Jul 30,2018 - Last updated at Jul 30,2018

It has been reported that US President Donald Trump is pushing for a security and political alliance, involving six Arab Gulf states, Egypt and Jordan, better known as the Middle East Strategic Alliance, but already nicknamed as the Arab NATO — a new bulwark against Iranian threats in the region.

The projected alliance is supposed to sponsor, inter alia, cooperation between the parties to the alliance on missile defences, military training and counter-terrorism measures. The "idea" is scheduled to be discussed and formally adopted at a summit, provisionally scheduled for October 12-13 in Washington.

Without belittling the Iranian expansionist moves in the region and its destabilising policies and practices, one wonders whether an Arab-based military alliance should be one-track minded and concentrate only on Iran, when there are many other enemies to the Arab order, on the top which is, of course, Israel.

It goes without saying that the biggest military threat to Arab security comes from Israel and if there is a plan to create an "Arab NATO", it should be multifaceted in its goals and include Israel among its list of enemies and not just Iran. Israel, after all, remains the biggest threat to Arab security and stability, and as long as there is no honourable, peaceful resolution for the Palestinian-Israeli conflict, Arabs everywhere will continue to view Israel as enemy number one and not Iran. 

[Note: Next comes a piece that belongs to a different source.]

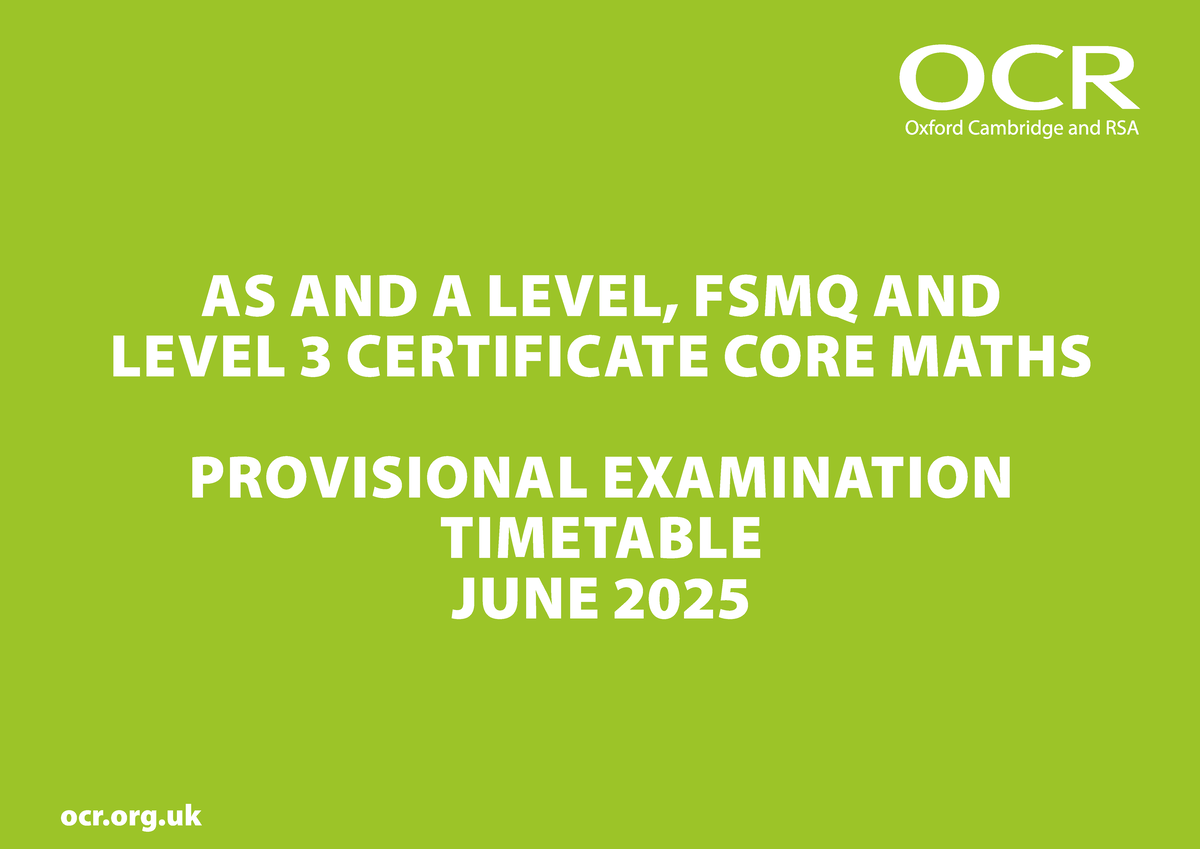 706381 june 2025 provisional exam timetable as a level core maths and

Besides, the everlasting threat to Arab security and stability is the absence of true democracy in some Arab quarters. The most savage wars in the region are internal and not external. The proposed "Arab NATO" should therefore have a multidimensional perspective and goals, including the promotion and protection of human rights through viable and pluralistic democratic institutions that meet international standards on both political and economic fronts.

And speaking of the Iranian threat, lines of communication must be left open between the Arab countries expected to join the alliance and Iran. The animosity between the two sides cannot be regarded as necessarily permanent or even long-lasting. Under certain conditions, peace and cooperation can still be re-established between them.